Great news! When you refer to the Sirius receiver, is this only the BMW receiver, or can it be my existing Kenwood?


----------



## sna77 (Jun 18, 2004)

facedogg said:


> Great news! When you refer to the Sirius receiver, is this only the BMW receiver, or can it be my existing Kenwood?


the BMW receiver. Needs to be used with BMW HU. Thorw the Kenwood up on ebay 

Here's pic of my install:
http://forum.e46fanatics.com/showthread.php?t=246031&highlight=sirius

And here's a pic of the unit (with part #).. My first one died, so I got a replacement. The Sirius unit gets installed in the trunk:

http://forum.e46fanatics.com/showthread.php?t=250948&highlight=sirius


----------



## facedogg (May 2, 2005)

First, major thanks to sna77 and all the others on this board, as there is more info here than i get from my dealership and my installer, who are both actually paid to know this stuff. Given that I really like the ability to save favorite songs and have many presets, I think I'll stick with my current kenwood receiver, and use the aux input adapter to plug a standalone sirius unit into....this isn't the cleanest solution, nor does it allow me continued use of my steering wheel controls, but unless I'm missing something, this is just something I'll have to give up for these added features.

On a side note, anyone need a Soundgate KBMWSIR unit that I now don't need?


----------



## sna77 (Jun 18, 2004)

facedogg said:


> First, major thanks to sna77 and all the others on this board, as there is more info here than i get from my dealership and my installer, who are both actually paid to know this stuff. Given that I really like the ability to save favorite songs and have many presets, I think I'll stick with my current kenwood receiver, and use the aux input adapter to plug a standalone sirius unit into....this isn't the cleanest solution, nor does it allow me continued use of my steering wheel controls, but unless I'm missing something, this is just something I'll have to give up for these added features.
> 
> On a side note, anyone need a Soundgate KBMWSIR unit that I now don't need?


I think you get 15 presets with OEM sirius unit... whats ability to save songs???


----------



## facedogg (May 2, 2005)

sna77 said:


> I think you get 15 presets with OEM sirius unit... whats ability to save songs???


Well this makes me lean back towards the OEM unit....my current HU only has 6 preset buttons, so are there multiple satellite "modes" that enables me to put more than one channel on a single button, similar to how I have FM1, FM2 and FMA which can each have their own presets?

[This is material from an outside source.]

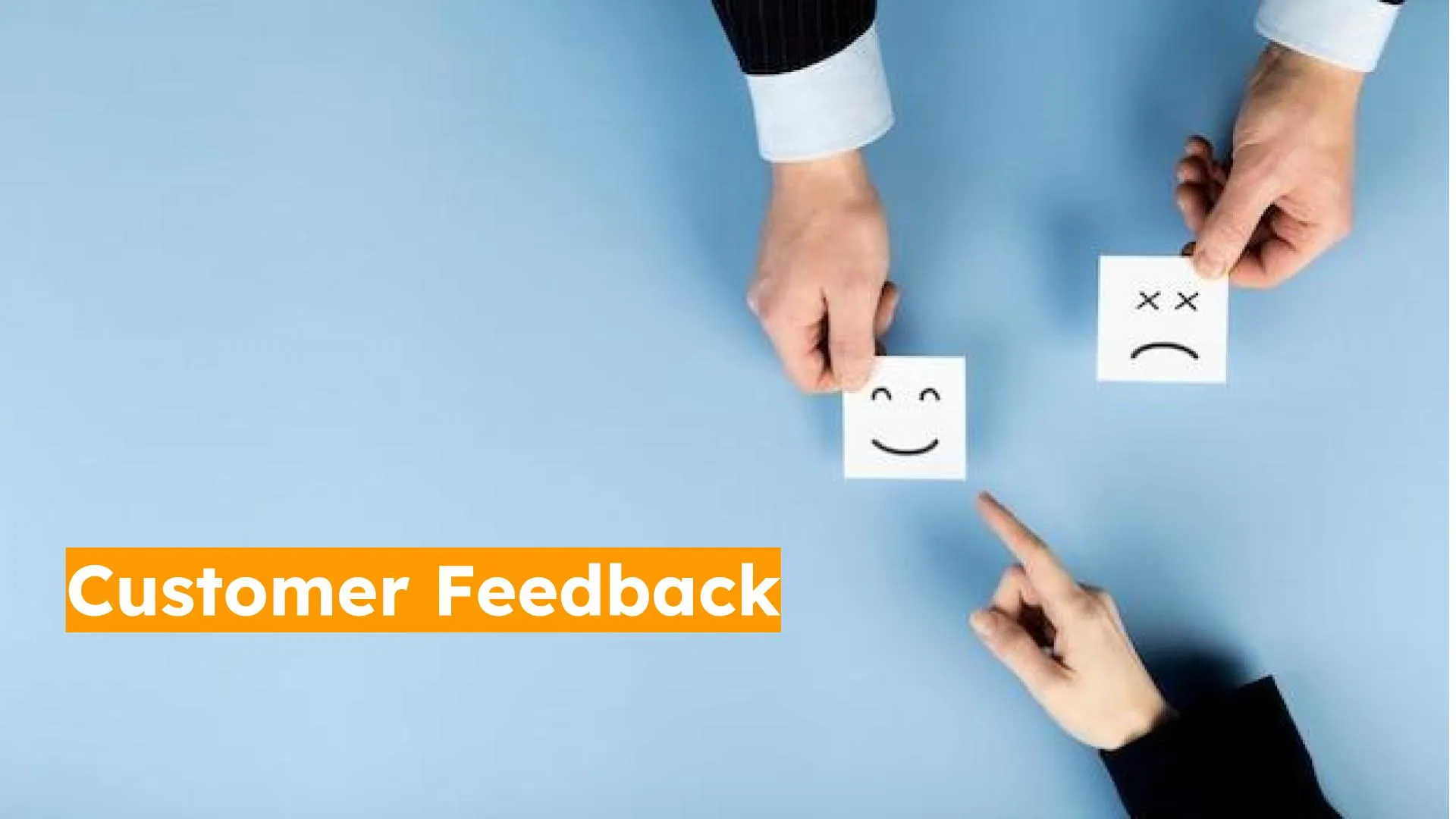 6824714a4fbcb43246992f1b customer feedback analysis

With regards to saving songs, alot of the standalone sirius units allow you to push a button during a song, and it will save the artist/title of that song, such that if it comes up on any channel at any time in the future the unit will automatically switch to that song. This isn't a huge need, so if you can verify the 15 presets, I'll probably stay with teh OEM solution. Thanks again!


----------



## sna77 (Jun 18, 2004)

facedogg said:


> Well this makes me lean back towards the OEM unit....my current HU only has 6 preset buttons, so are there multiple satellite "modes" that enables me to put more than one channel on a single button, similar to how I have FM1, FM2 and FMA which can each have their own presets?
> 
> With regards to saving songs, alot of the standalone sirius units allow you to push a button during a song, and it will save the artist/title of that song, such that if it comes up on any channel at any time in the future the unit will automatically switch to that song. This isn't a huge need, so if you can verify the 15 presets, I'll probably stay with teh OEM solution. Thanks again!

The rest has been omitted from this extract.